◆ Data section:
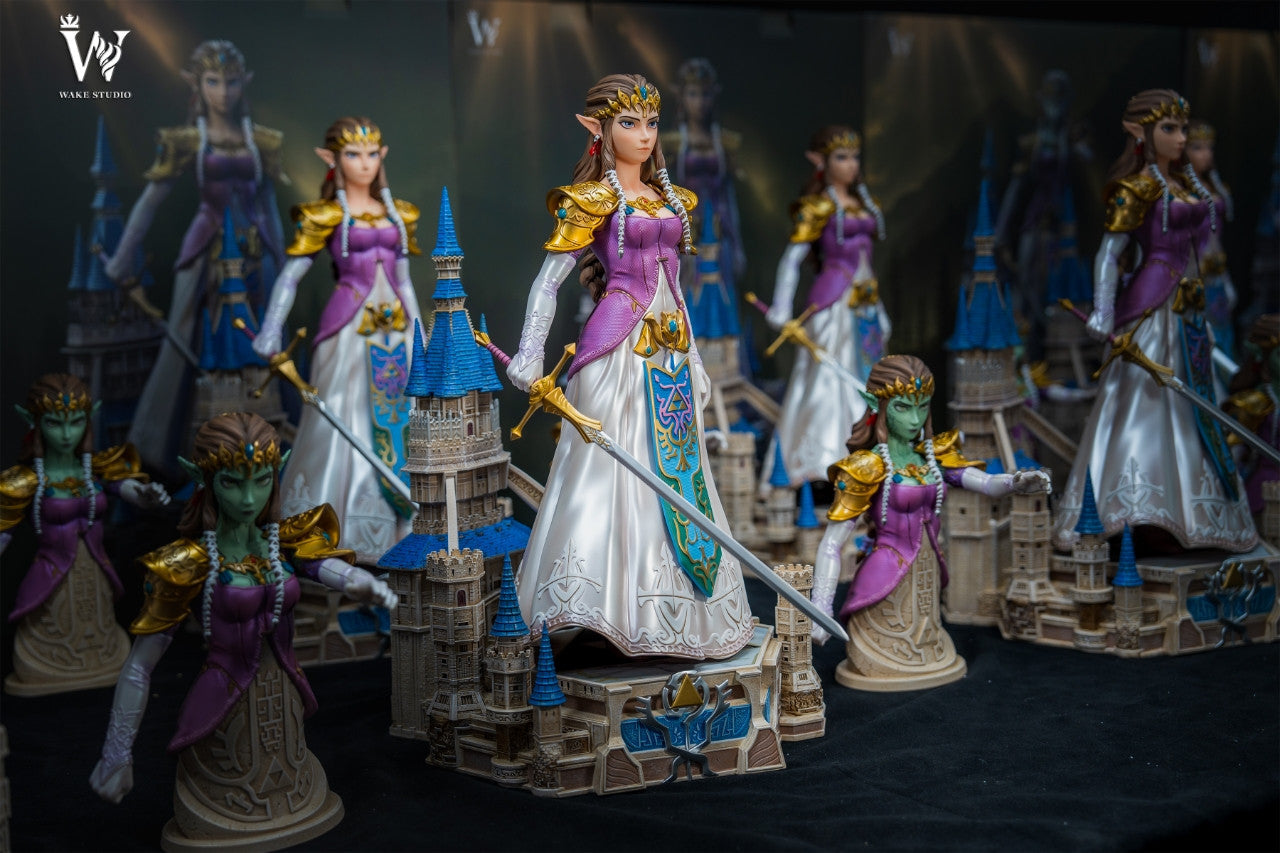 [Warehouse in Stock] Wake Studio - Statue - The Legend of Zelda Twilight Princess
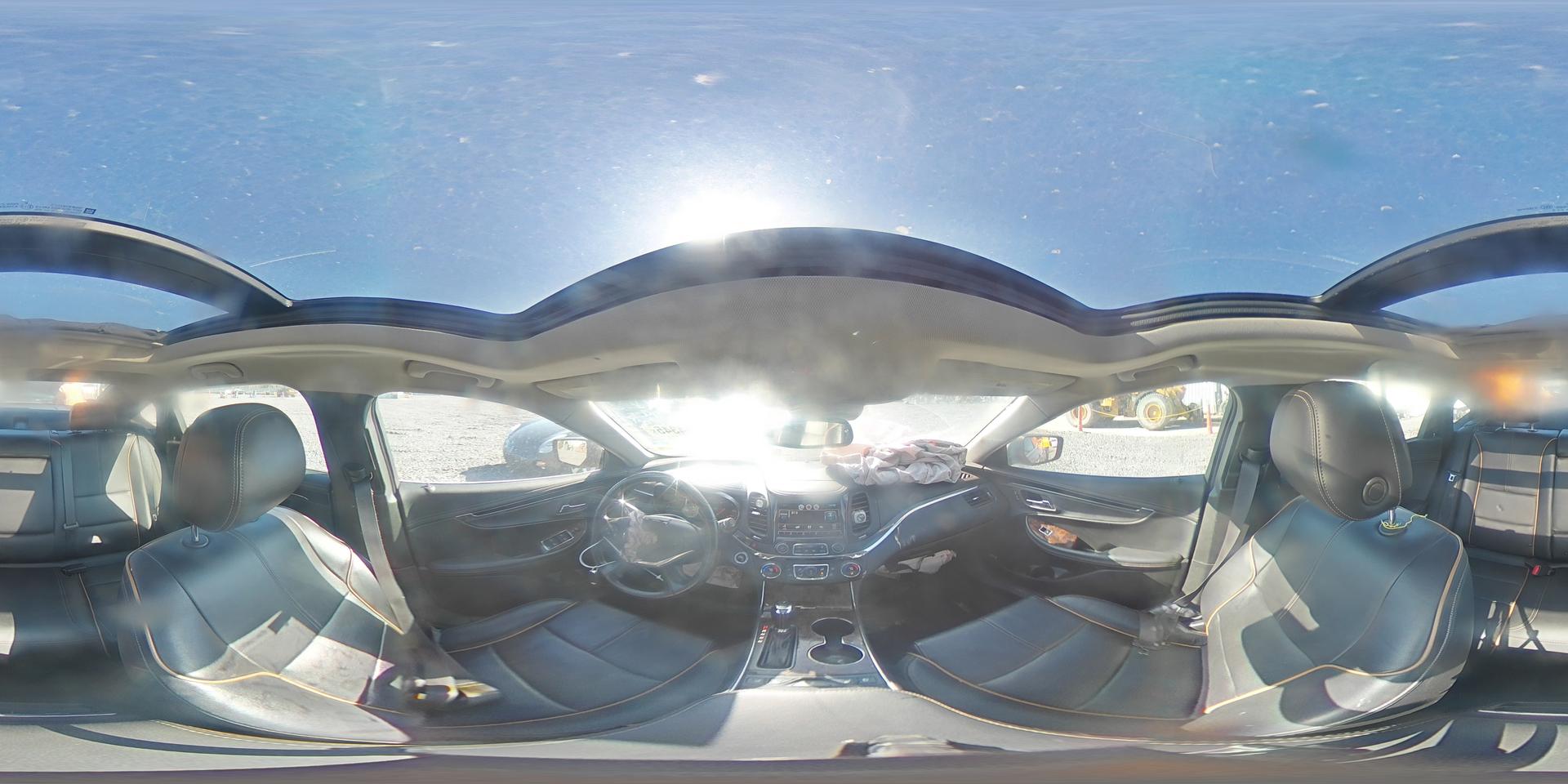 2014 CHEVROLET IMPALA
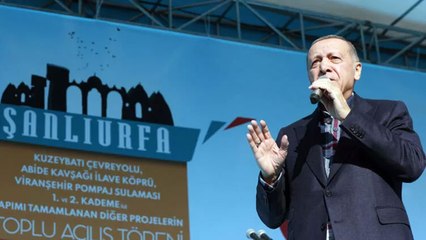 Cumhurbaşkanı Erdoğan'dan önemli açıklamalar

◆ About this exercise:
Please give the data again in full, exactly as written, but without any images.

◆ Your response:
 [Warehouse in Stock] Wake Studio - Statue - The Legend of Zelda Twilight Princess
 2014 CHEVROLET IMPALA
 Cumhurbaşkanı Erdoğan'dan önemli açıklamalar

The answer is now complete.